LV
Irreparável
1
¿Podemos nós banir o remorso implacavel,
Que em nosso peito faz ninho,
E se nutre de nós como um verme insaciavel,
Como o caruncho daninho?
Podemos nós banir o remorso implacavel?
¿Em que filtro ou licor, em que vinho ou tisana,
Afogar quem nos fatiga,
Guloso e destruidor qual frivola mundana,
Paciente como a formiga?
Em que filtro ou licor? — em que vinho ou tisana?

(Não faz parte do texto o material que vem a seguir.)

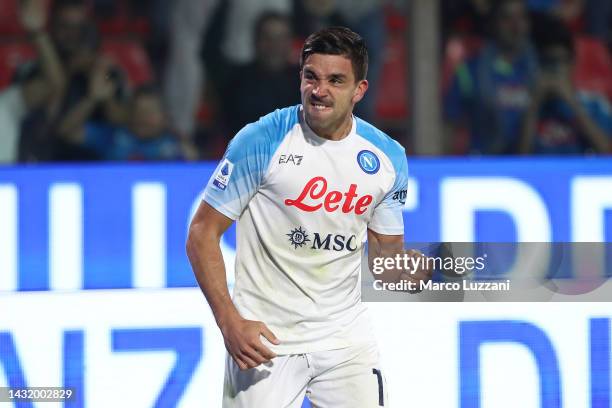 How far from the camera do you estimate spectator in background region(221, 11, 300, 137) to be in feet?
22.1

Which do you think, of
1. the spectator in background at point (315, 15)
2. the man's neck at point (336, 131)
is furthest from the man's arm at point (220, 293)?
the spectator in background at point (315, 15)

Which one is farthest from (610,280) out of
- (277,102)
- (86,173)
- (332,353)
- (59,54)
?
(59,54)

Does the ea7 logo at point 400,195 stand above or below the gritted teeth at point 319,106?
below

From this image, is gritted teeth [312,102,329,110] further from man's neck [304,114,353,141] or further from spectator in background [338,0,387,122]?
spectator in background [338,0,387,122]

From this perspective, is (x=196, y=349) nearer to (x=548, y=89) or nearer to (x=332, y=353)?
(x=332, y=353)

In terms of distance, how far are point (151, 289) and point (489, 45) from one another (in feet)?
11.5

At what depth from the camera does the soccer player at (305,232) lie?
3.22 metres

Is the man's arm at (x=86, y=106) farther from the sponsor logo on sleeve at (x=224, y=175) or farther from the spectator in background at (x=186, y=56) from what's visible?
the sponsor logo on sleeve at (x=224, y=175)

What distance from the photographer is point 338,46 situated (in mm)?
3203

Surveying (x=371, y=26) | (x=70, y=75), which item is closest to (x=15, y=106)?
(x=70, y=75)

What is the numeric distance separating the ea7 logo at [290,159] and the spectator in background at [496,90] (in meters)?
3.80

Ó feiticeira ideal, dize-m’o tu, oh! di-lo
Á minh’alma timorata,
Que lembra um moribundo ao ver a contundi-lo
D’um cavalo a férrea pata!
Ó feiticeira ideal, dize-m’o tu, oh! di-lo
Ao ente a agonizar que o lobo já fareja,
E a quem o corvo procura,
Ao soldado infeliz que, suspirando, almeja
Pela paz da sepultura;
Ao ente a agonizar que o lobo já fareja!
Póde alguem colorir um ceu negro e lodoso?
¿Rasgar a treva sombria,
Mais negra que o carvão, sem astro luminoso,
Sem uma luz fugidia?
Pode alguem colorir um ceu negro e lodoso?
A Esp’rança que brilhava outrora na Pousada
Extinguiu-se, morreu já!
Sem uma luz que a oriente, a alma transviada
Onde é que se albergará?
Satanaz apagou as luzes da Pousada!
Feiticeira gentil, amas os condenados
Que não logram remissão?
Conheces do Remorso os tiros disparados
Ao alvo do coração?
Feiticeira gentil, amas os condenados?
O Irreparável róe co’a dentuça maldita
Nossa alma, piedoso hospício.
E por vezes ataca, assim como a termita,
Pela base o edifício.
O Irreparável róe co’a dentuça maldita!
2
Algumas vezes vi, nas mágicas banaes,
Ao som de orquestras sonoras,
A fadas converter negros ceus infernaes
Em deslumbrantes auroras;
Algumas vezes vi, nas mágicas banaes,
Um pequenito ser, a espargir claridade,
Satanaz afugentar;
Mas o meu pobre peito, em negra soledade,
Cansa-se em vão a esperar
O pequenino ser a espargir claridade!